Bu kapsama çocukları da almak gerekir. Zaten kadını ve gençliği tutsak kılan, çocukları da dolaylı olarak dilediği sistem altına almış sayılır. Çocuklara hiyerarşik ve devletçi toplumun yaklaşımının çok çarpık yönlerini açığa çıkarmak büyük önem taşımaktadır. Çocukların anadan ötürü doğru temelde eğitilmemeleri, sonraki tüm toplumsal gidişatı çarpık ve yalancı kılar. Çocuklar üzerinde de muazzam bir baskı ve yalanlamaya dayalı eğitim sistemi kurulur. Çok çeşitli yöntemlerle sistemin daha beşikten bağımlıları haline getirilmeye çalışılır.
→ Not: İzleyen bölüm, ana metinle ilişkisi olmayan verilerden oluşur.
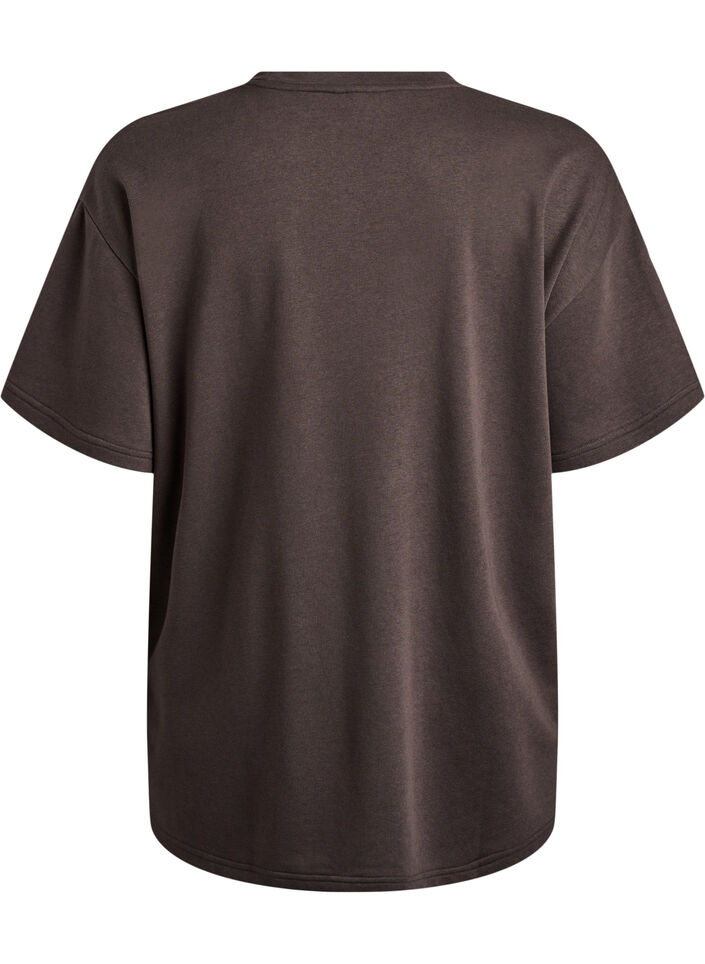 Oversized T-Shirt aus Sweat, Braun, Packshot image number 1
Yedisinde neyse yetmişinde de o odur deyişi bu gerçeği dile getirmektedir. Çocuklara doğal toplumun özgür yaklaşımı hep bir hayal olarak bırakılır ve bu hayallerini yaşamalarına hiç izin verilmez. Çocukları doğal hayallerine göre yaşatmak en soylu görevlerden biridir.
Uygarlığın büyük aşamalarından biri sayılan Yunanlılarda gençler resmen tecrübeli bir erkeğe oğlan olarak sunulurdu. Uzun süre bunun nedenini çözememiştim. Sokrates gibi bir filozof bile Önemli olan oğlanın sürekli kullanılması değil, efendisinden terbiye görmesidir der. Buradaki mantık, gaye gençlerin oğlan olarak sürekli kullanılmasından ziyade, kadınsı özelliklere hazırlanmasıdır. Daha da açıklayıcı olarak, Yunan uygarlığı da karılaşan bir toplum ister. Soylu, asil gençler oldukça, bu toplum oluşamaz. Bu toplumun oluşması için kadınsı davranışları içselleştirmeleri gerekir. Tüm uygarlık toplumlarında benzer eğilimler vardır. Oğlancılık bu toplumda çok yaygındır. Öyle bir hal almıştır ki, her efendinin oğlan sahibi olması gelenekselleşmiştir. Oğlancılığı bir bireysel cinsel sapıklıktan, hastalıktan ziyade, sınıflı toplumun, iktidar toplumunun yol açtığı sosyal bir olgu olarak anlamlandırmak önemlidir. Cinsellik ve iktidar uygar toplumda toplumsal bir hastalıktır. Hem de kanser gibi. Birbirleri olmaksızın edemedikleri gibi birbirlerini çoğaltırlar: Tıpkı kanser hücrelerinin çoğalması gibi.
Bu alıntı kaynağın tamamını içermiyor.